És o meu amigo da vida, para a vida.
A vida sem ti tinha sido tão triste.

quinta-feira, 15 de janeiro de 2015

photo @ João Tamura

Hoje viajei ao passado, passei-te os dedos pelas memórias e pelos tempos que deixámos habitados em parte incerta. Viajámos pouco, tu e eu. Fixos ao presente e às realidades construídas e perspectivadas, pouco nos abstraímos, de nós mesmos e um do outro, de tão submergidos que ficámos daquele amor que me revolvia os órgãos e me transtornava cada célula. A tua pele já não adormece nos mesmos quartos que a minha, o cheiro que exalavas deixou de sobreviver às tuas partidas, e o teu peito já não obedece às leis da gravidade que inevitavelmente o atraíam para o peito que era o meu. De fundo, há uma melodia constante que me enleva e me leva, me apura os sentidos e me confunde os destinos. A saudade é agora quente e silenciosa, um hálito quente que bafejo na janela húmida enquanto a ponta dos meus dedos traça na condensação a inicial do teu amor, perdão, a inicial do teu nome. Perniciosa mas luminosa é a dualidade que me faz amar-te umbocadinhomenos/umbocadinhomais todos os dias. Sabes que as palavras tendem a esgotar-se. São já mais as que guardo para dentro que as que deixo por aí à mão de semear e de darem fruto. Tudo não passa agora de um vulto que assombra raras distracções, momentos de fraqueza em que o corpo cede e acede ao que já não é. 

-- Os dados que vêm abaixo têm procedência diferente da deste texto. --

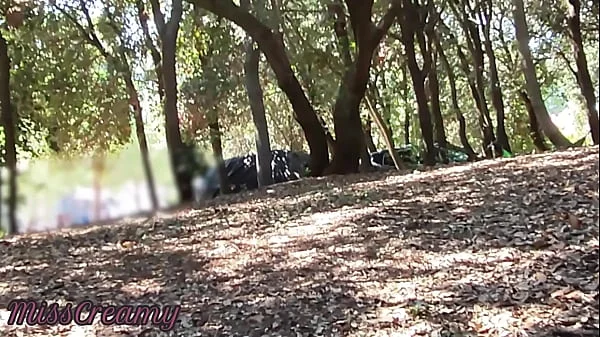 Naked in the park in the hammock he touches my cock until I cum with people passing around - MissCreamy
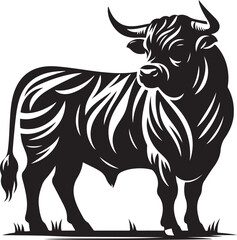 European Cattle Animal silhouette Vector Illustration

Tudo uma questão de tempo(s) apenas. 
Passado. 
Presente. 
Futuro. 

sábado, 3 de janeiro de 2015



O cheiro do calor impregna o ar, o destilar dos poros relembra-nos o quão de carne e osso somos. Saímos agora da banheira branca onde nos despimos do sol e do sal, brancos e amarelos beijam-nos a vista enquanto insinuo a pele ao teu toque fugidio. Desprezas subtil a minha toalha molhada no chão molhado, peço-te ajuda com a loção e o cheiro da tua pela húmida desperta-me para a luminosidade que irradia este verão quente nesta casa de campo onde somos o mundo que nos rodeia e o quanto dele que nos cabe dentro. Repito o teu nome até onde mo permite a insensatez, intercalo-o com o meu enquanto os imprimo aos dois no branco destas paredes, nestes soalhos e pedras que pisamos descalços e perdidos de amores. A memória faz desta casa a mais feliz de todas as casas, e a mais triste quando tenho que a deixar. Triangulas a existência até onde o nosso entendimento a alcança, e tudo o resto é opacidade. 

A simbiose perfeita entre nada e coisa nenhuma.